Gambia’s Foreign Minister Ousainou Darboe has denied asking Togo’s President Faure Gnassingbe to resign amid opposition protest for the longstanding ruler to step aside.
Darboe said he was dismayed by the Reuters publication, in which he reportedly called for the resignation of Mr. Gnassingbe.
According to Mr. Darboe, the views he expressed was that “the decision for President Faure to stay in power or not is the sole and sovereign decision of the people of Togo.”
“At this moment, there is no reason warranting the Government of the Republic of The Gambia to take a position, since the Togolese people continue to make efforts to find a solution to the crisis,” he said.
Togo’s opposition has rejected the reforms proposal from the Gnassingbe backed Parliament, which included term limits after a referendum.
The planned referendum has failed to appease the opposition who say that it would not be retroactive, meaning that Gnassingbe could stay until 2030.
The opposition alleges security forces are unleashing violence on protesters, charges authorities deny.

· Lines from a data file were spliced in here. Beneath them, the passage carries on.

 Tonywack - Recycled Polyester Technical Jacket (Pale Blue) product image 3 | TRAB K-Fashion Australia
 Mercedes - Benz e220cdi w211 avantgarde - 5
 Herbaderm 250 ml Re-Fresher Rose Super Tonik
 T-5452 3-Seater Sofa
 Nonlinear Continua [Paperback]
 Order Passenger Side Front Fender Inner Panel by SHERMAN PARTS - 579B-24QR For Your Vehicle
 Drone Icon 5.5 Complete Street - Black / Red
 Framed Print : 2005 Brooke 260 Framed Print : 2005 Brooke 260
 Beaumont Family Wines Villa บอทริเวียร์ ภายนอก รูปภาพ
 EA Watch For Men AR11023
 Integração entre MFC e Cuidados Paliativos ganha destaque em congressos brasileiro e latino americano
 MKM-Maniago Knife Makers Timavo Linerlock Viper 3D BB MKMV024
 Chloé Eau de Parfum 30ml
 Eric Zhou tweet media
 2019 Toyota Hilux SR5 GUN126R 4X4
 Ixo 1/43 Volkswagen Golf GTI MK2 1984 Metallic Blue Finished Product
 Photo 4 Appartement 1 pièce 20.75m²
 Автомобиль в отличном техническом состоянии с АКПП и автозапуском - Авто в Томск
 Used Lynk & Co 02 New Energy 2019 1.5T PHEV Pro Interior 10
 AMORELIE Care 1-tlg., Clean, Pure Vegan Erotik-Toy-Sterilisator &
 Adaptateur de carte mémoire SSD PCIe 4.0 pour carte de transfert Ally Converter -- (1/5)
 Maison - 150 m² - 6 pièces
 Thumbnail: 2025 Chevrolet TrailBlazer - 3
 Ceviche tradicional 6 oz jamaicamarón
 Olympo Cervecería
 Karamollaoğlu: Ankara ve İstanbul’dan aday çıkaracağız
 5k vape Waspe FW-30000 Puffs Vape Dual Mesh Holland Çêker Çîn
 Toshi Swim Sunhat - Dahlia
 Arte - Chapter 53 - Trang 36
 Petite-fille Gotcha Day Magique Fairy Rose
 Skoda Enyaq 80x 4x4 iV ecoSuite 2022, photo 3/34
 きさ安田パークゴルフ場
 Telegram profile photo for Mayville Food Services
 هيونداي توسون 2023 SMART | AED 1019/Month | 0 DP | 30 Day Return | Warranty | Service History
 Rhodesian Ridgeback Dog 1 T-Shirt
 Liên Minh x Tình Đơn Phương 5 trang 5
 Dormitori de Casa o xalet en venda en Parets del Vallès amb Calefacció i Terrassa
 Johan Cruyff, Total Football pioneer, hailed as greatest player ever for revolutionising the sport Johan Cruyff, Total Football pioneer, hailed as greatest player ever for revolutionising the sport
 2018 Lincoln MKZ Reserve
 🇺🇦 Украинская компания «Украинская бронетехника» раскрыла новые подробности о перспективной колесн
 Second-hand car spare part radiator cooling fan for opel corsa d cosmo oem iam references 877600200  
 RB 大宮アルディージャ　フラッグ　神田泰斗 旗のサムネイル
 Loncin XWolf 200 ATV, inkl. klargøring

Two days previously, Darboe told Reuters: “I think the African Union and ECOWAS should engage Togo and persuade the president to step down.”
“When it goes against accepted norms I don’t think it should be treated as an internal affair,” he added.
Faure Gnassingbé has been head of state since 2005 when he took over from his father Gnassingbé Eyadema, who seized power in a coup in 1967, seven years after independence.
Demonstrations have largely been peaceful and their scale has been huge, with organizers claiming that as many as 800,000 people took to the streets.